(Stored data)
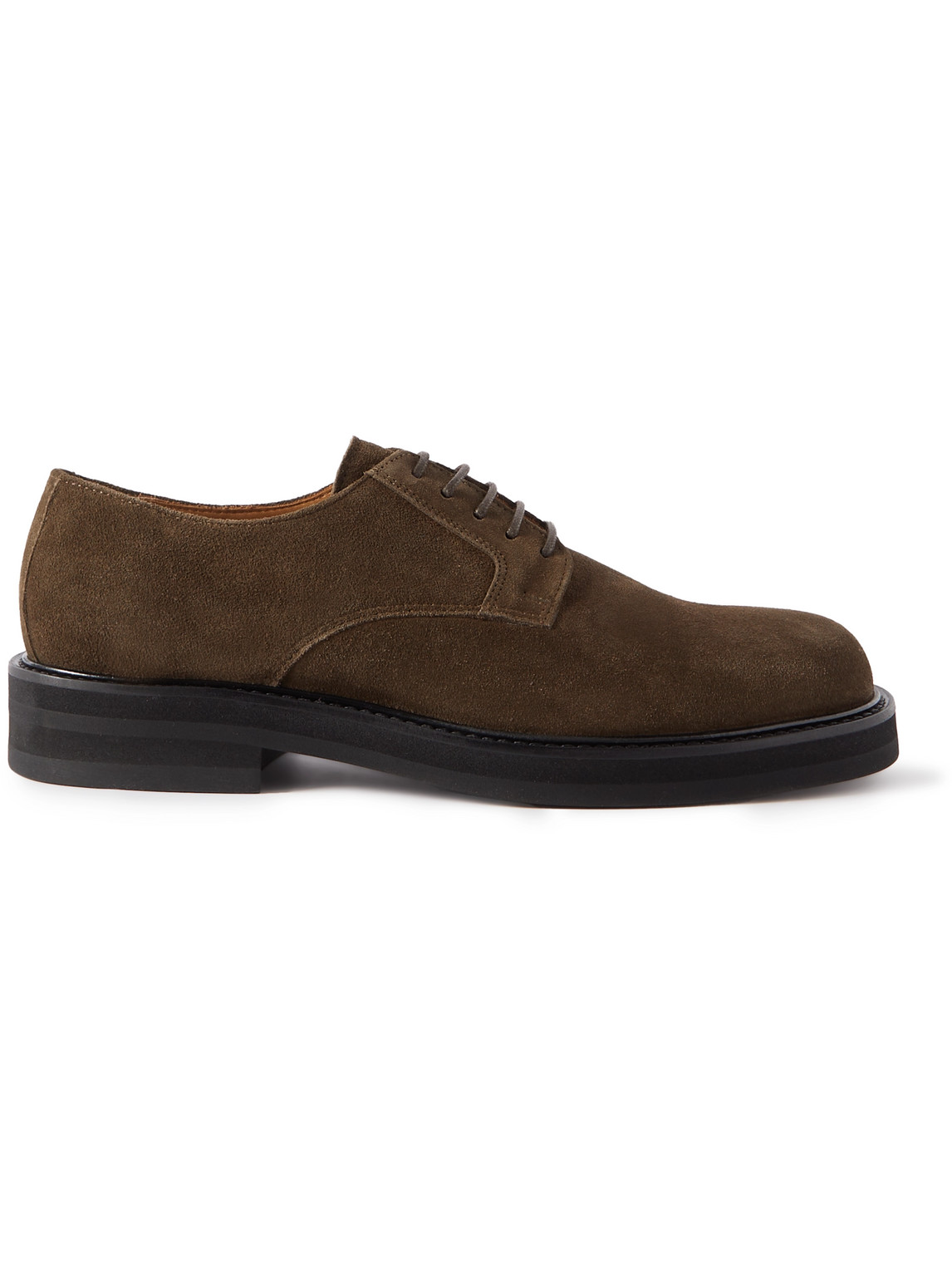 Jacques Regenerated Suede by evolo® Derby Shoes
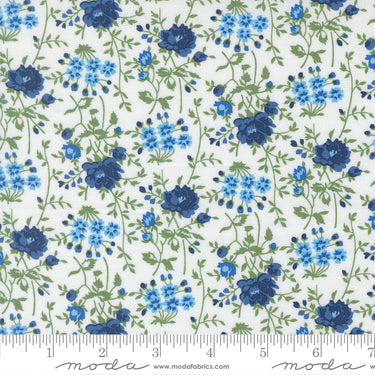 Blueprint - Bloomsbury White Navy
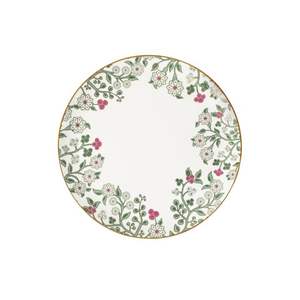 Plato de Presentación Redondo Decorativo de Metal con Diseño de Leopardo y Granada, con Borde Dorado, para Bodas, Fiestas y Eventos, Venta al Por Mayor - Product Image 3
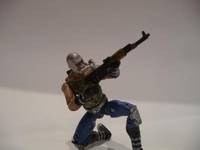 Croc Master (G.I. Joe) Custom Action Figure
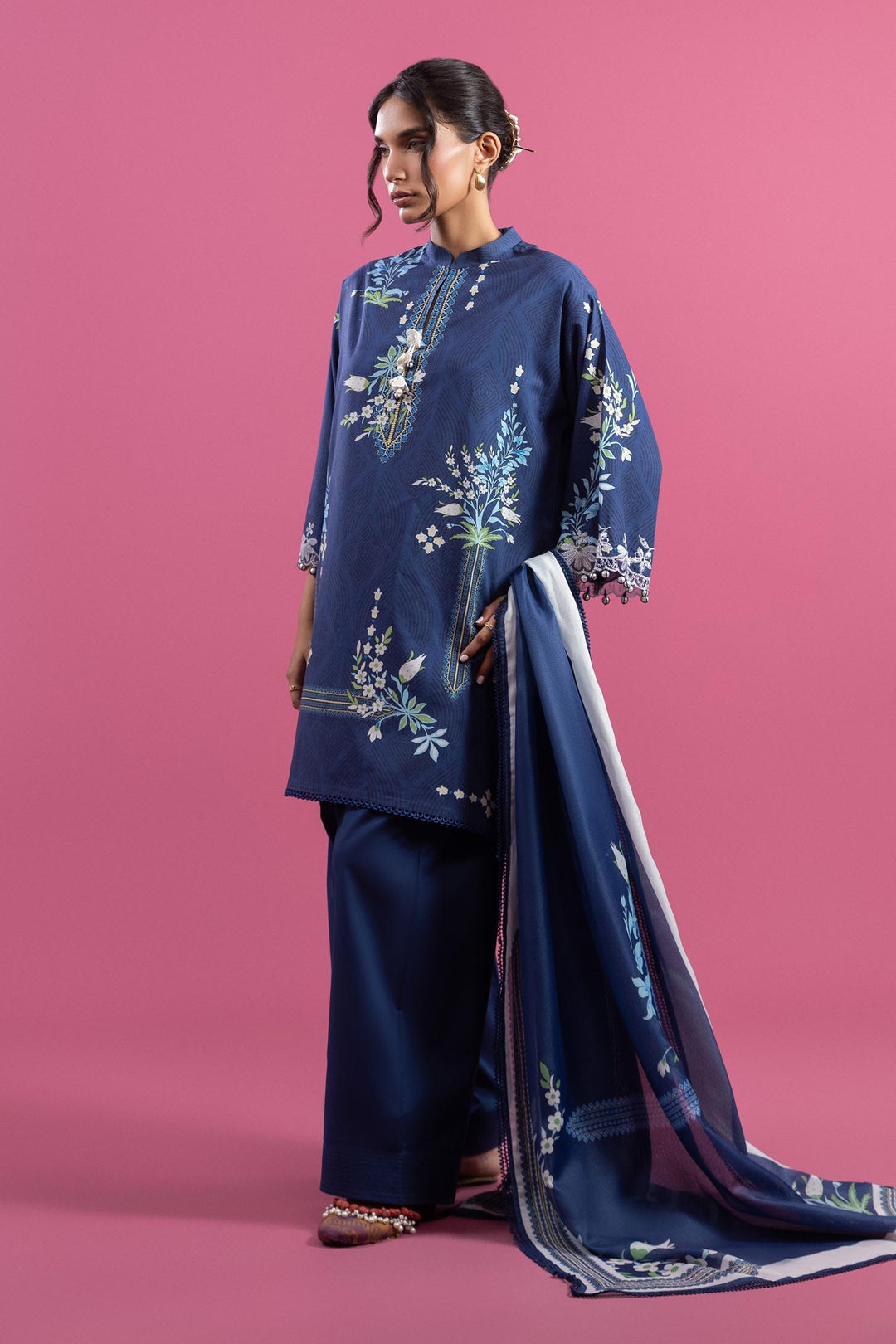 Design 2B - Sana Safinaz Mahay Unstitched 25'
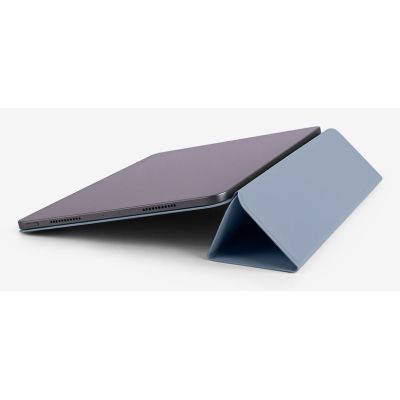 5. Pomologic BookCover - obudowa ochronna do iPad Air 13" M2 (2024) / M3 (2025) (sky blue)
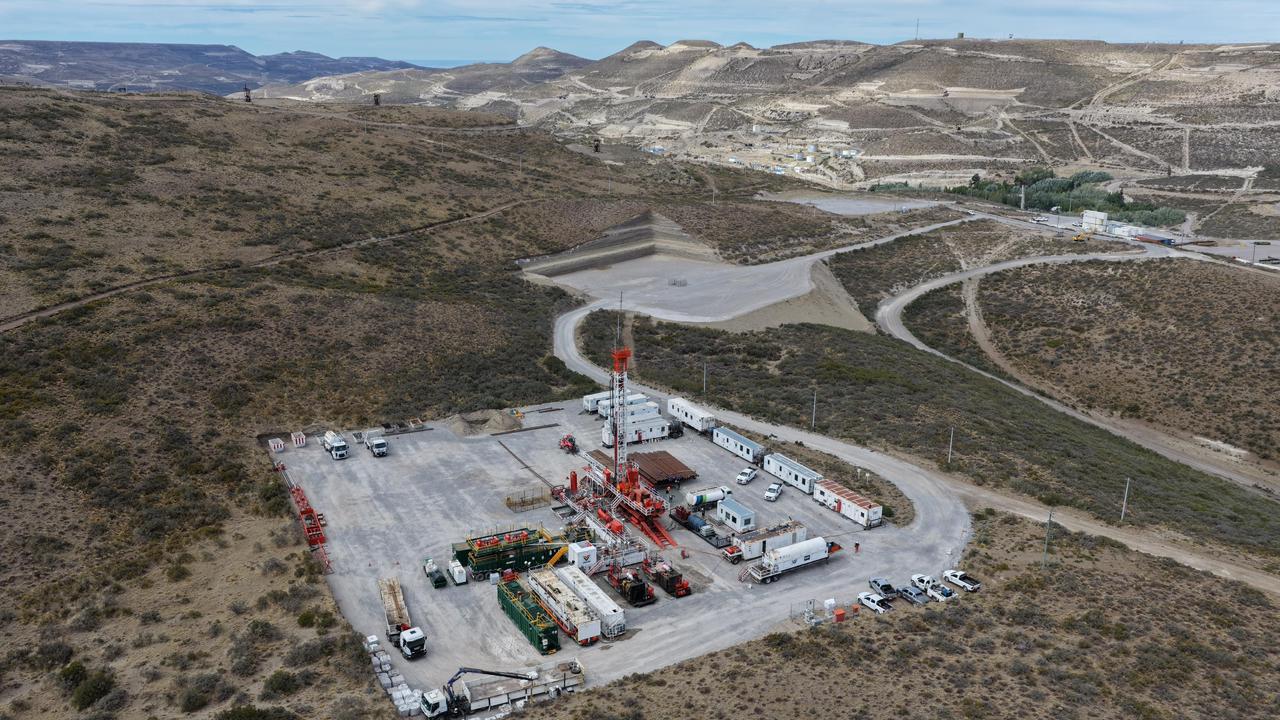 Tras más de seis décadas, Chubut vuelve a perforar en Cañadón Perdido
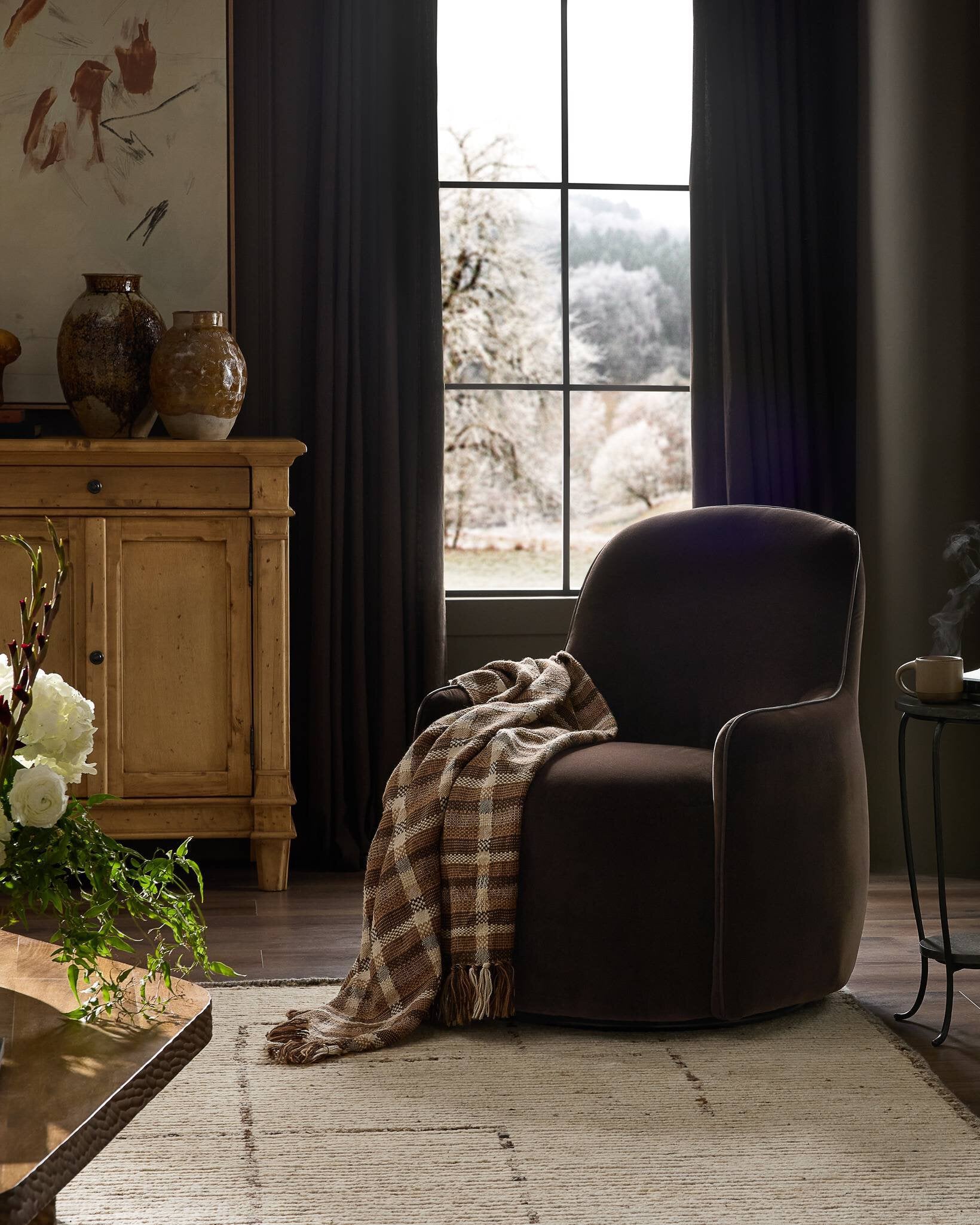 Berwin Swivel Chair - StyleMeGHD - Chairs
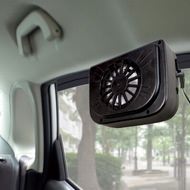駐車中の車内温度上昇を抑える「ROOMMATE 自動車用ソーラーパワー換気扇」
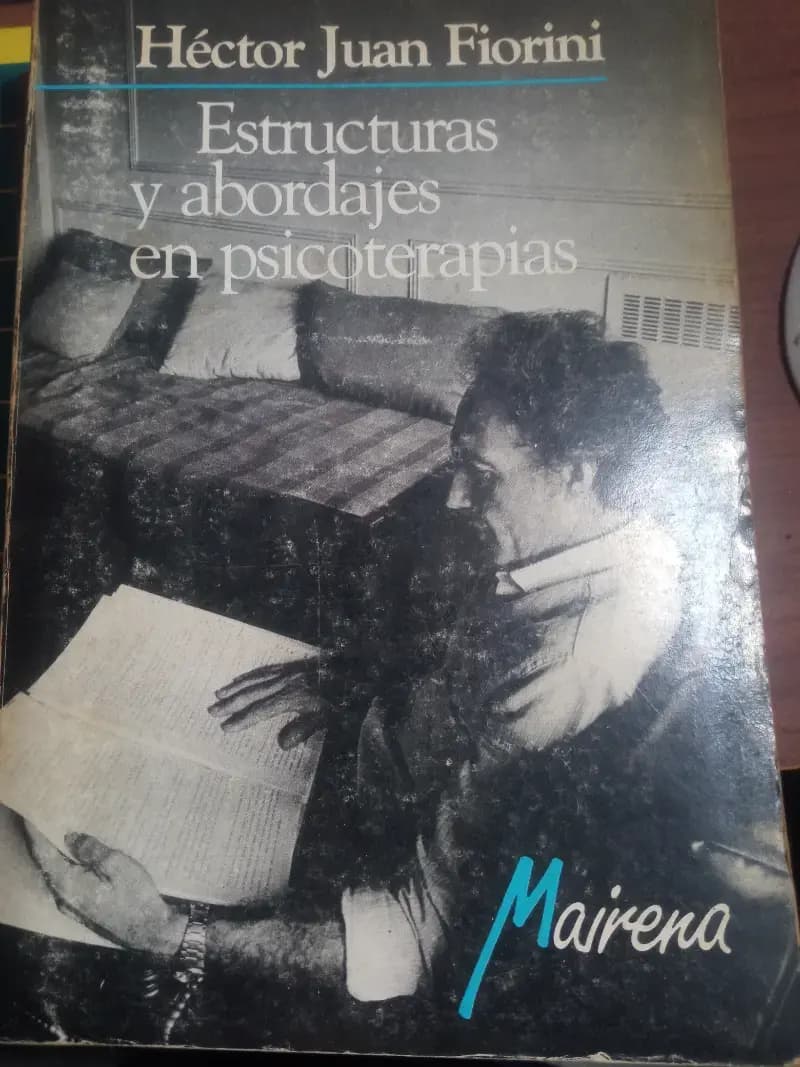 Estructuras y Abordajes en Psicoterapia - Imagen 1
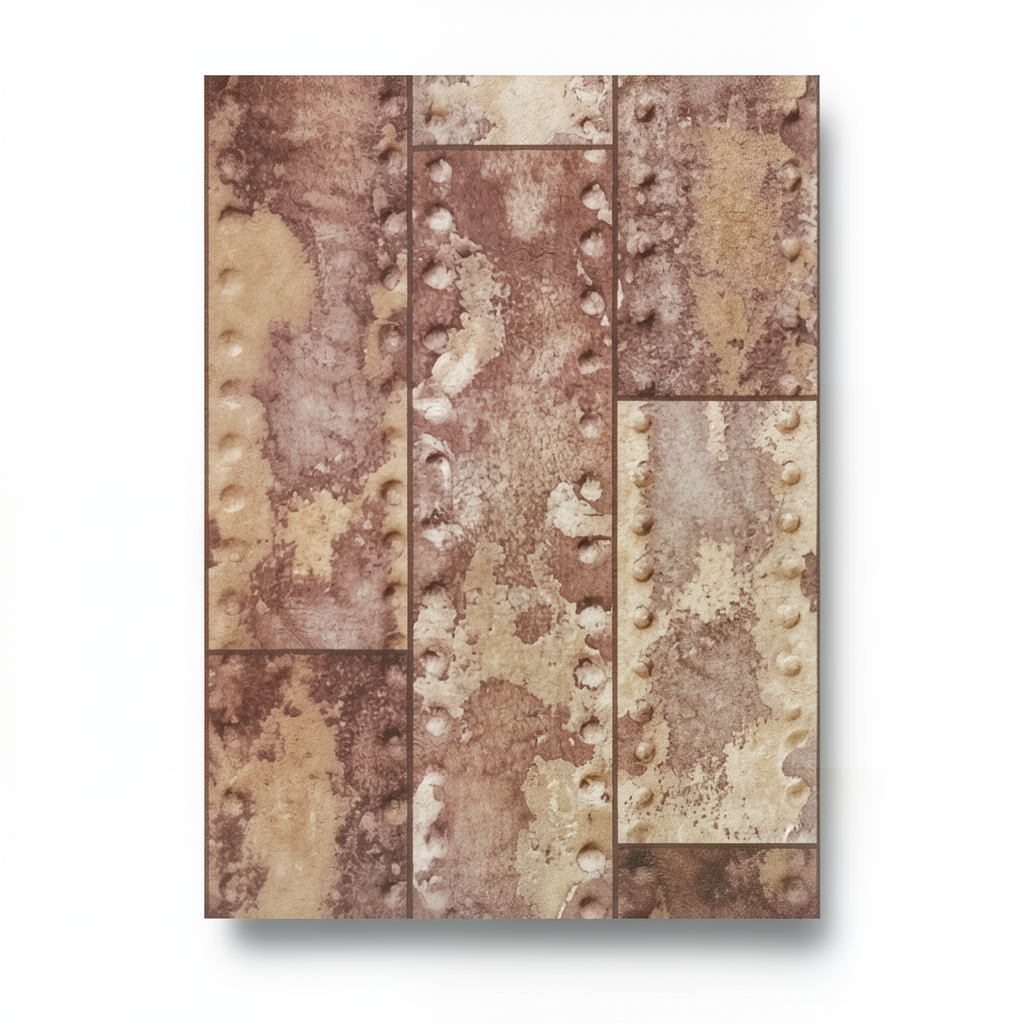 Youth and Children Wallpaper Brown, 10m x 0.53m, Model 201901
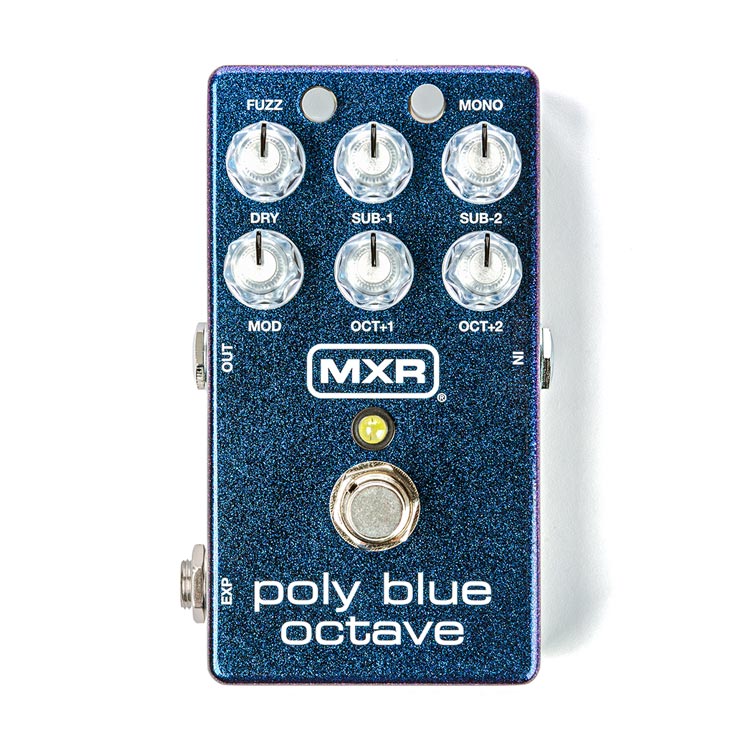 MXR® | VINTAGE BASS OCTAVE | M280 | モリダイラ楽器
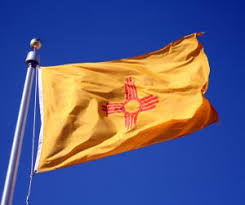 It may be flown every day in the 47th state when weather permits. New Mexico State Flag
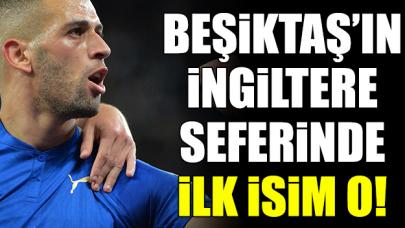 Beşiktaş'ın hedefi Islam Slimani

> _Problem description_:
Could you copy, exactly and with no pictures, each line from the first one above to the line holding "Plato de Presentación"?

> _Task result_:
 Jacques Regenerated Suede by evolo® Derby Shoes
 Blueprint - Bloomsbury White Navy
 Plato de Presentación Redondo Decorativo de Metal con Diseño de Leopardo y Granada, con Borde Dorado, para Bodas, Fiestas y Eventos, Venta al Por Mayor - Product Image 3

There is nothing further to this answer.